There have been a lot of wedges driven between you and DH in the last while - rows over you wanting to leave the UK, not wanting the pregnancy (you know, unless it was non consensual, intercourse without birth control occasionally leads to babies... you made a decision, conscious or not), expecting him to take total responsibility for all of the very emotionally taxing paperwork. Yesterday, the DLA form was put in his lap, and he got upset when you accused him of ignoring you. You can't have it both ways, and frankly, I see a lot of relationship sabotage here.
Scenario 1 - You terminate this pregnancy, knowing full well that your DH does not support this idea. In all likelihood, with how you are describing your relationship right now, this will end it. Are you ready to be a single parent?

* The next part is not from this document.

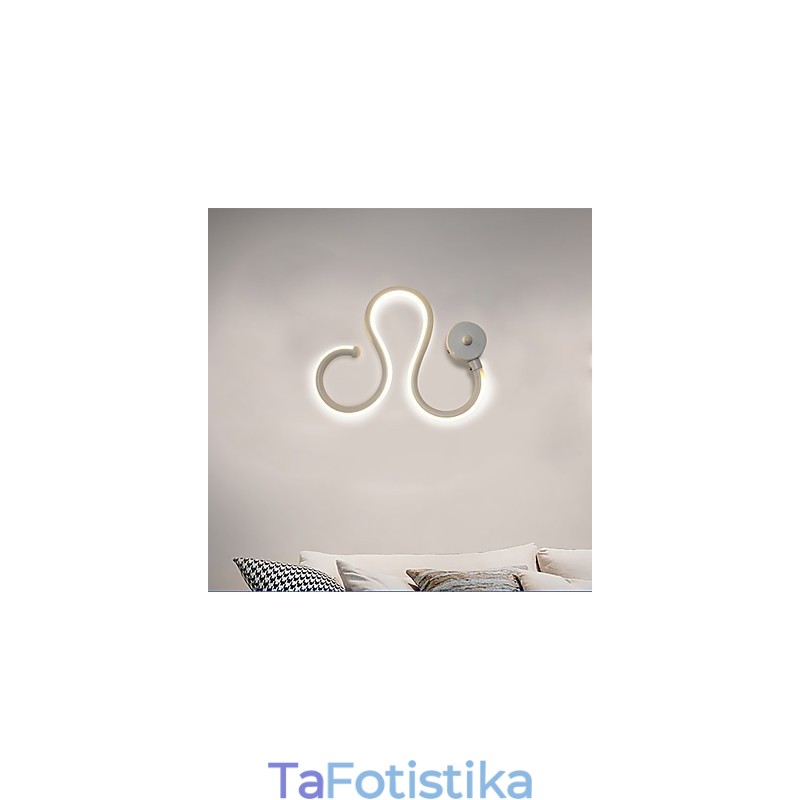 Μοντέρνο Μινιμαλιστικό Φωτιστικό Αλουμινίου Φωτιστικό Κρεβατοκάμαρας Διακόσμηση Σχεδιαστές Διακοσμητικό Φωτιστικό Διαδρόμου Δημιουργικά φωτιστικά σαλονιού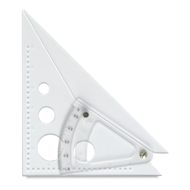 Westcott Adjustable Triangles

Scenario 2 - You have a mature and respectful discussion with dh about where you are right now and how to move forward. You acknowledge why each of you is struggling (and you might be surprised what you learn through all this) and form specific and measurable goals together.
You have admitted here before that you struggle with mental health issues of your own - it is time for you to seek support personally (or increase support if you already have some in place) as the toll this is all taking on you is very obvious.
You keep saying how important your son is to you in all of this, but I worry that at least part of that is talk. If he was so important, you would not still be moaning about the lack of statement request submission after 2 and a half years, you would be making it happen.
Any of the regular posters here know I am about as subtle as a brick through a plate glass window, but sometimes it is necessary to stop fucking around and say it like it is.
No one is going to send out a rescue vessel to your unhappy boat of doom - if you want to get to shore, you need to handle the oars or get out and swim. You have a life vest, and the sharks aren't hungry, but it is going to take effort. That, or you can keep drifting, and that hasn't been working too well for you.
Quick tip - when you are bailing water, you are supposed to be pouring the water OUT of your boat, not into it.